Elderly patients should be treated with amoxicillin and clavulanate potassium for oral suspension with caution, particularly those with evidence of hepatic dysfunction, which is more prevalent in this population. Hepatic dysfunction, including conditions such as hepatitis and cholestatic jaundice, has been reported more frequently among elderly patients, especially in males or those undergoing prolonged treatment.

For geriatric patients receiving therapy for durations exceeding the approved administration period, periodic assessment of organ system functions—including renal, hepatic, and hematopoietic functions—is advisable to monitor for potential adverse effects.

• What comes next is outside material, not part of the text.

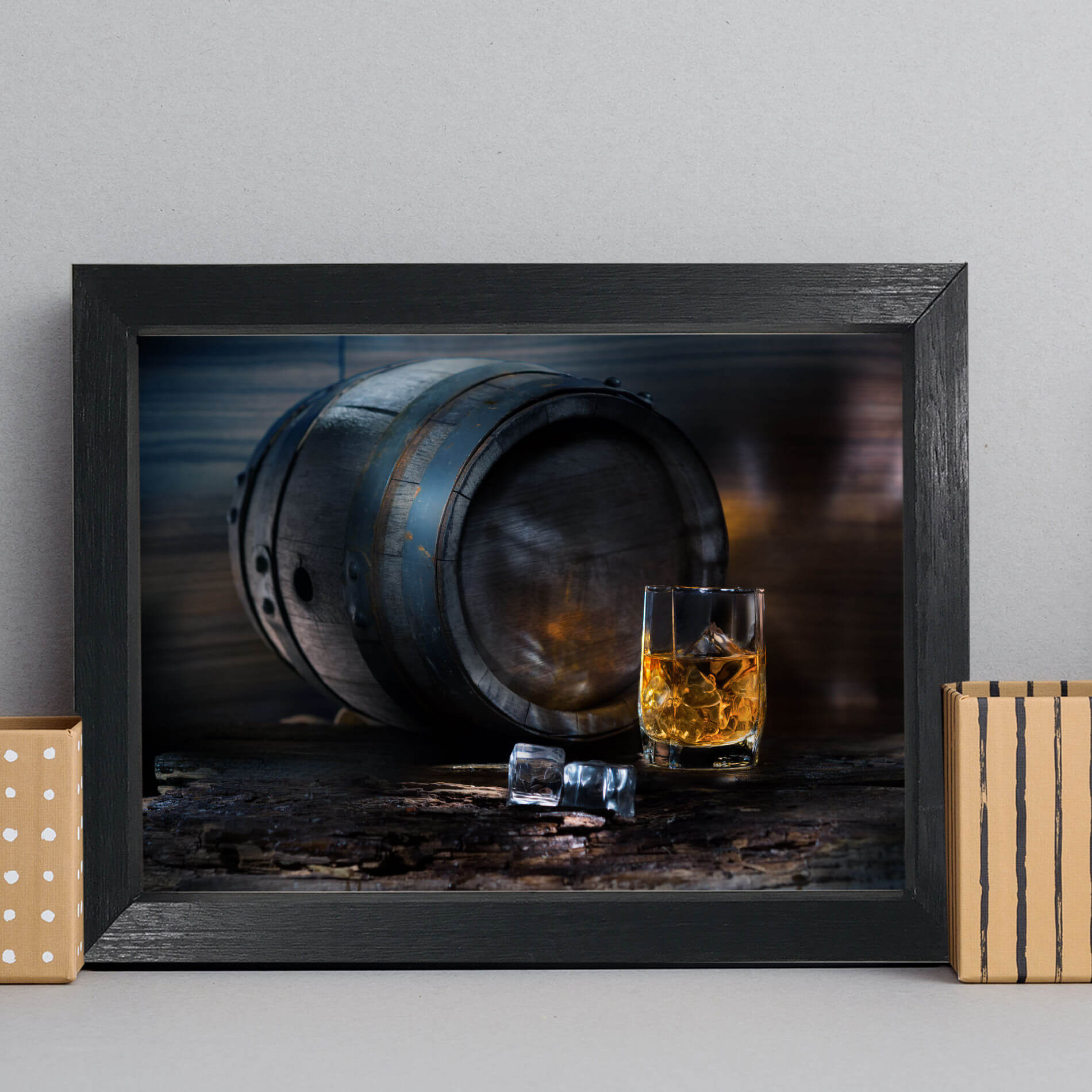 Quadro Decorativo Bebida Bar Whisky Moldura Preta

Additionally, the risk of superinfections with mycotic or bacterial pathogens should be considered during treatment, particularly in elderly patients who may have other underlying health issues that could complicate their clinical status.

It is important to note that the safety and efficacy of amoxicillin and clavulanate potassium for oral suspension in adults have not been well established, and this formulation is not recommended for adults who experience difficulty swallowing.

Elderly patients may also exhibit a higher incidence of hepatic dysfunction, which is generally reversible upon discontinuation of the medication. Furthermore, renal impairment associated with the use of this drug appears to be reversible with cessation of administration; however, elderly patients with impaired renal function may experience elevated blood levels of both amoxicillin and clavulanate due to decreased renal clearance. Therefore, careful monitoring and potential dose adjustments may be necessary in this demographic.

Pregnancy

The use of amoxicillin and clavulanate potassium during pregnancy should be approached with caution. Currently, there is insufficient data to determine whether administration during labor or delivery has immediate or delayed adverse effects on the fetus, prolongs the duration of labor, or increases the likelihood of requiring obstetrical interventions such as forceps delivery or resuscitation of the newborn.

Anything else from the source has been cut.